Here’s why tobacco companies are still unhappy with the recently-amended terms of the license to set up Egypt’s second tobacco company: JTI-Nakhla Tobacco, British American Tobacco Egypt and Al Mansour International Distribution Company filed two separate letters — copies of which were obtained by Masrawy — to the Madbouly cabinet, calling for the extension of a 1 August deadline for the tender and outlining other grievances. The companies claim the terms of the licence — which had already been amended after initial objections — would create an e-cigarette monopoly and prevent sustainable growth for the tobacco industry.
(Please, God, don’t get us started on the notion that the tobacco industry’s growth could or should be sustainable…)
Tobacco giant Philip Morris was the only company to take part in the bidding round for the new license, with the deadline to submit technical studies passing on 1 August, in the second iteration of a tender that was pulled earlier this year after attracting criticism for allegedly unfair terms.
In letters dated 29 June and 29 July, the companies lay out their lingering reservations, which read as standard corporate / tobacco industry whining:
#1- The single license now on offer should only cover traditional tobacco products: The three companies — who were among the companies invited to bid back in March — argue that the inclusion of the right to distribute e-cigarettes and “heated tobacco” products in the license would create a monopoly and put other cigarette companies at a disadvantage. “Instead of helping create favorable market conditions, the offering of just one license would result in adverse ripple effects on the local tobacco industry as well as the economy as a whole, while also setting up a new monopoly over e-cigarettes and heated tobacco,” the companies wrote.
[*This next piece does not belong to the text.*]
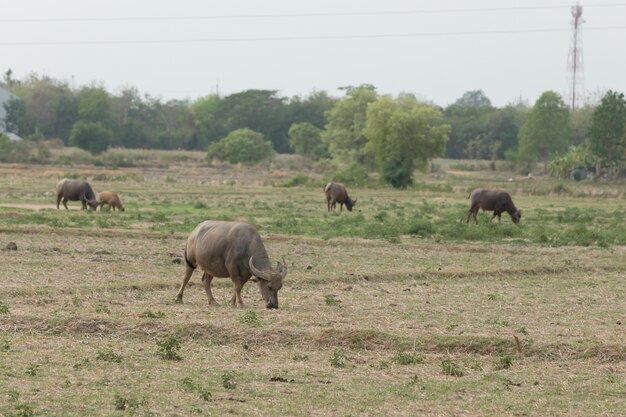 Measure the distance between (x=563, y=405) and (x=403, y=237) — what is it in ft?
61.2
They are calling for the exclusion of non-cigarette tobacco products from the license on offer.
#2- The new terms do not clarify whether a new company can really go head-to-head with existing monopoly Eastern Co.: The IDA’s original conditions, had sought to protect Eastern’s market share by preventing the new company from producing cigarettes at the same price point as the monopoly’s mass-market Cleopatra brand, which accounts for 98% of Eastern’s revenues.
#3- A rain check, please. Tobacco players are also lobbying for a four-month extension on the deadline for bids to allow time for technical and feasibility studies — and also wait for possible changes to the tender’s terms. They are asking for a deadline extension until 1 December.
Refresher: The revised terms slash the number of cigarettes the new company will have to produce to 1 bn each year, down from 15 bn in the original tender, but still stipulate that state-owned Eastern Tobacco should own 24% of the new entity. The government also agreed to issue more licenses following the tender, scrapping a rule that would have prevented new licenses in the following decade.